You mean do a lookup to check whether the string is Aus bus (M., 1870) or Aus bus M., 1870, then correct the string? FYI, I've just audited a dataset which had the following malformed author strings:
1844 Cr.) Dahlborn) ([Den. & Sch.]) Den. & Schiff.) [Den. & Schiff.] Dewitz) Gr. & Rob.) (Grote ((Herr.-Sch.) Hew.) )Holland) Klug) micr(Chaudoir) Olliff) ([Schiff.]) tetra(Gray) )Wlkr.)
I'm fixing the malformed author strings before submitting them to gnparser.
I'm harvesting this dataset with a web crawler, so there's additional HTML formatting that I can use to accurately isolate the author string. I'm just testing for cases where there is either an opening parenthesis and no closing parenthesis, or vice versa, and appending the missing parenthesis.
Thanks for the heads up. So far the web crawler hasn't hit any brackets or nested parentheses yet for this dataset, which would definitely be more challenging to correct automatically. I'm also logging a warning and will manually review that the author strings were corrected properly.
Ta.
"I'm just testing for cases where there is either an opening parenthesis and no closing parenthesis, or vice versa, and appending the missing parenthesis."
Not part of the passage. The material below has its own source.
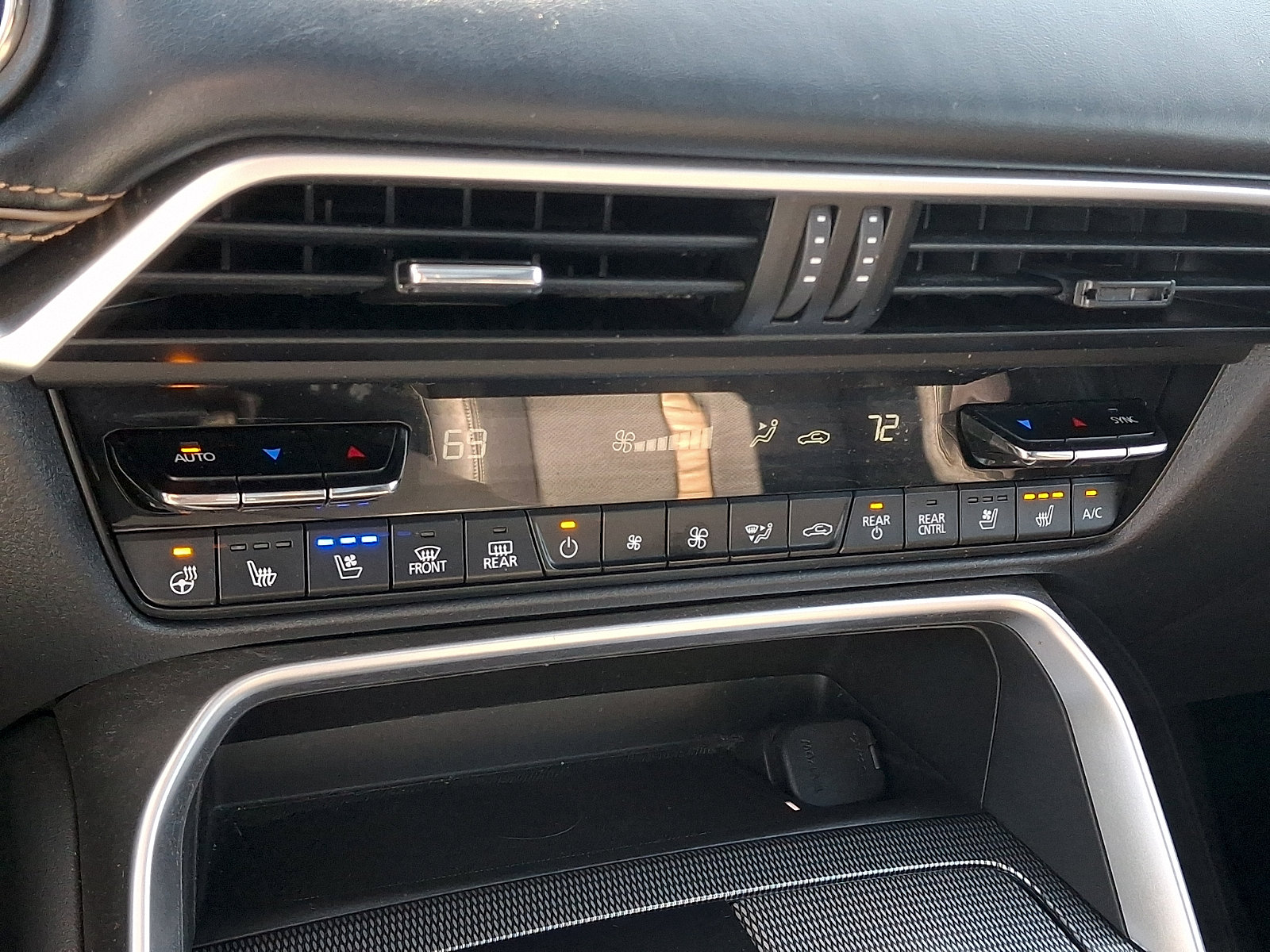 Certified 2024 MAZDA CX-90 Plug-In Hybrid w/ Premium Plus AWD/4WD image 20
...or removing the single parenthesis, if the correct form (say, in GBIF's backbone) is no parentheses?
I found 2 other issues related to author string parsing:
1) If the author name includes an apostrophe (e.g., O’Donnell) some software editors replace the apostrophe with a curly apostrophe, which breaks author parsing:
With curly apostrophe: https://parser.globalnames.org/?q=Ambaeolothrips+pampeanus+Mound%2C+Cavalleri%2C+O%E2%80%99Donnell%2C+Infante%2C+Ortiz+%26+Goldarazena%2C+2016
With regular apostrophe: https://parser.globalnames.org/?q=Ambaeolothrips+pampeanus+Mound%2C+Cavalleri%2C+O%27Donnell%2C+Infante%2C+Ortiz+%26+Goldarazena%2C+2016
2) Author first name initials that include hyphens break authorship parsing:
Xie Y-H, Yuan S-Y, Li Z-Y & Zhang H-R, 2013
Hyphenated: https://parser.globalnames.org/?q=Ctenothrips+yangi+Xie+Y-H%2C+Yuan+S-Y%2C+Li+Z-Y+%26+Zhang+H-R%2C+2013
Hyphens removed: https://parser.globalnames.org/?q=Ctenothrips+yangi+Xie+Y+H%2C+Yuan+S+Y%2C+Li+Z+Y+%26+Zhang+H+R%2C+2013
Removing the hyphens likely is not the proper way of formatting these author strings--I just removed the hyphens to show that the parser isn't handling hyphenated first names correctly.
Ta.
"I'm just testing for cases where there is either an opening parenthesis and no closing parenthesis, or vice versa, and appending the missing parenthesis."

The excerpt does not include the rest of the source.